What is a credit union and should I borrow from one?
What is a credit union?
Credit unions are typically low-cost lenders, allowing people who require urgent access to funds to borrow money from a credit union whilst operating on a non-profit basis.
Credit unions operate as financial institutions in the same way that banks do, however, the members actually own the credit union itself. The institutions aim to serve the members, offering better saving rates, lower loan rates and reduced fees as they are not aiming to make a profit. In spite of this, you must meet specific requirements to be permitted to join.
How is a credit union different to a bank?
Credit unions and banks function in a similar manner, yet have different end goals. At a bank, if you deposit money you are a customer as their primary obligation will always be to the shareholders. Typically, banks offer lower interest rates in regards to savings with significantly higher interest rates than credit unions. This is the most major difference, as banks are aiming to make a profit from the customers whereas credit unions are non-profit organisations.
When you deposit funds in a credit union account, you are automatically a member of that credit union alongside a customer. The union is then able to make loans to other customers in the same way a bank does. Money that would have been considered profit is used to benefit members, and the union typically offers lower fees than banks.
Should I use a credit union?
John Gauthier of Hoopla Loans commented:
“Credit unions are a fantastic way to access affordable finance, especially if you have been declined elsewhere or have adverse credit. Just note that the speed of funds is usually a little slower because it is not your typical private lender or bank. If you are looking for larger amounts, you may need to look for a more traditional lender.”
One of the key advantages of using credit unions is that they tend to offer more personal experiences than banks and alternative lending institutions. Credit unions allow you direct access to those making decisions about your loan and other financial transactions.
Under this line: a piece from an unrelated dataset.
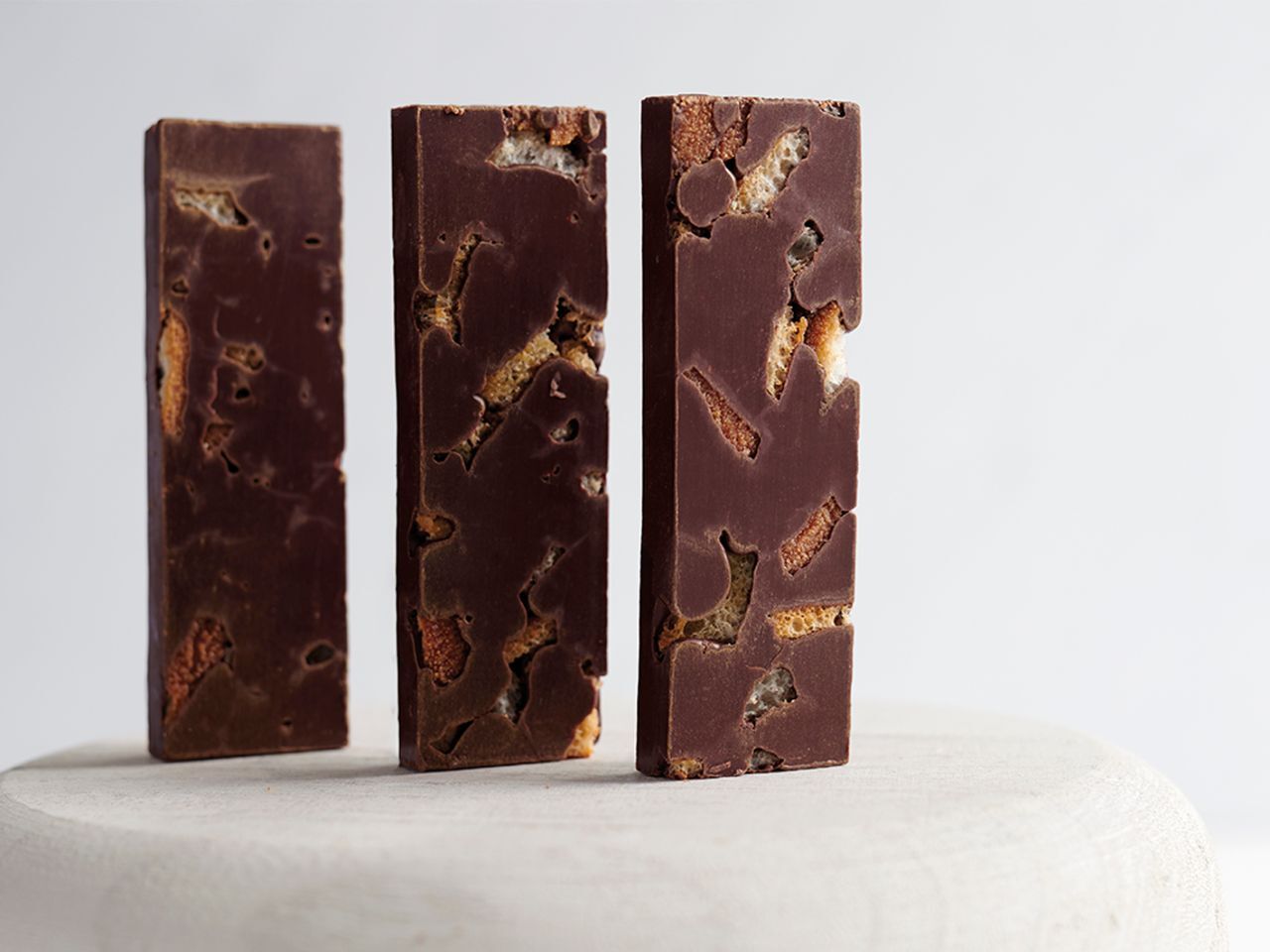 Belcolade Noir Supreme 70.5% Dark Couverture Chocolate Discs Application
Alongside this, there are many other benefits to credit unions, such as higher interest rates on both savings and checking accounts and the opportunity to keep money local at all times.
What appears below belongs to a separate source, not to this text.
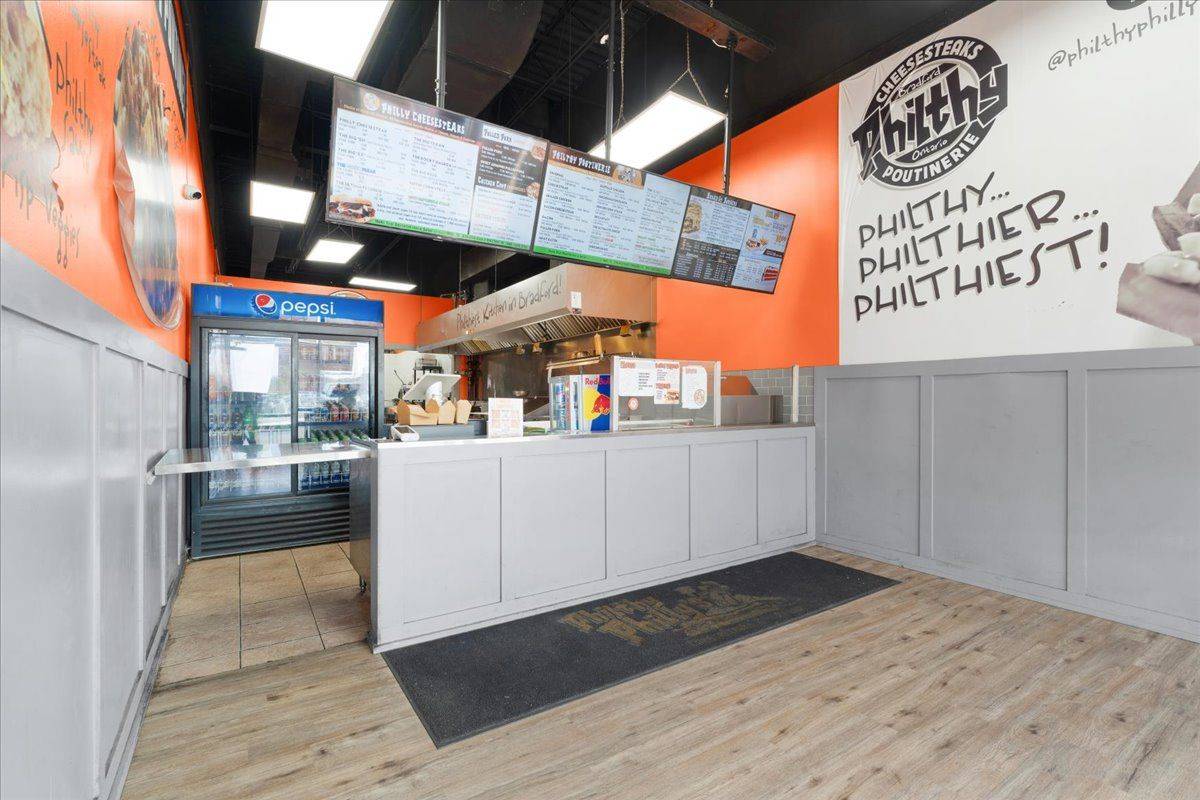 Bradford West Gwillimbury, ON L3Z 0J4,450 Holland ST W #10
Fees for being part of one are also typically lower than banks, with less variety of fees to pay. The lower interest rates on loans also means the loan offered by a credit union could often be the best deal for you.
With this in mind, credit unions aren’t always better than banks. If taking a loan from a credit union, you must ensure you are committed to making the repayments on time. You must also meet a credit union’s requirements for membership before you are able to join and deposit money into an account. If you are attempting to join a smaller credit union, you should be aware that they are usually smaller than large-scale banks and as a consequence cannot always offer the same range of services.
The technology used at credit unions may also not be as modern as that on offer at larger banks, and they tend to only operate in specific locations within communities served by the union itself.
Are there membership requirements to join credit unions?
Yes, there are requirements that must be fulfilled before you are able to join credit unions. These can include living in a specific area, having a specific employer or having a family member who is already part of the credit union. If none of the requirements can be met, some credit unions allow members to pay to join.